Observe the integrand and try to identify a function \(u(\theta)\) and its derivative \(du/d\theta\). Here, choose \(u(\theta) = \theta - \sin(\theta)\) because its derivative, which is \(du/d\theta = 1-\cos(\theta)\), is present in the integrand.

Express the integrand in terms of \(u\). Replace \(\theta - \sin(\theta)\) by \(u\) and \(1 - \cos(\theta) d\theta\) by \(du\). The integrand simplifies to \(1/u\). Simultaneously, transform the limits of integration according to the chosen \(u(\theta)\). When \(\theta = 1\), \(u = 1 - \sin(1)\) and when \(\theta = 2\), \(u = 2 - \sin(2)\). Therefore, the integral turns into: \(\int_{1 - \sin(1)}^{2 - \sin(2)} du / u\).

The integral of \(1/u\) with respect to \(u\) is \(\ln |u|\), so the antiderivative of \(du/u\) is \(\ln |u|\). Therefore, we get the result as \(\ln |u| \Big|_{1 - \sin(1)}^{2 - \sin(2)}\).
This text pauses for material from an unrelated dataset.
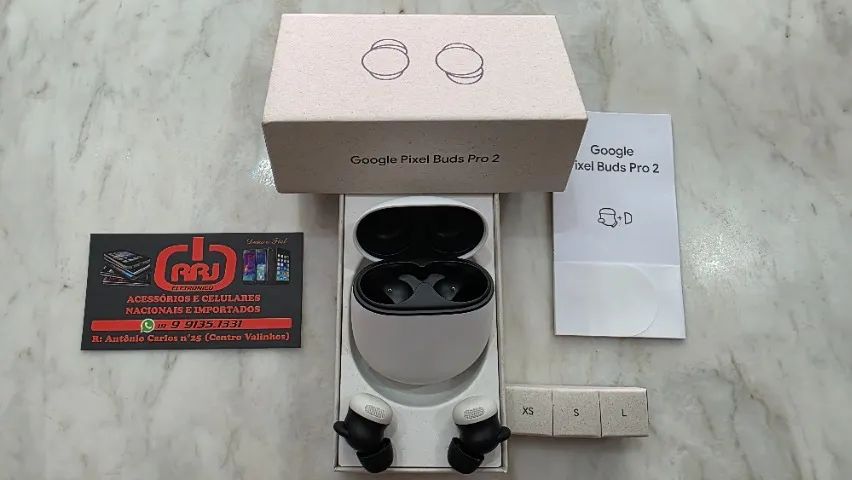Google Pixel Buds Pro 2 Novo - Foto 2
Use the Fundamental Theorem of Calculus to evaluate the definite integral. Subtract the value of the antiderivative at the lower limit of integration from the value at the upper limit. The result is \(\ln |2 - \sin(2)| - \ln |1 - \sin(1)|\), which simplifies to: \(\ln \left|\frac{2 - \sin(2)}{1 - \sin(1)}\right|\).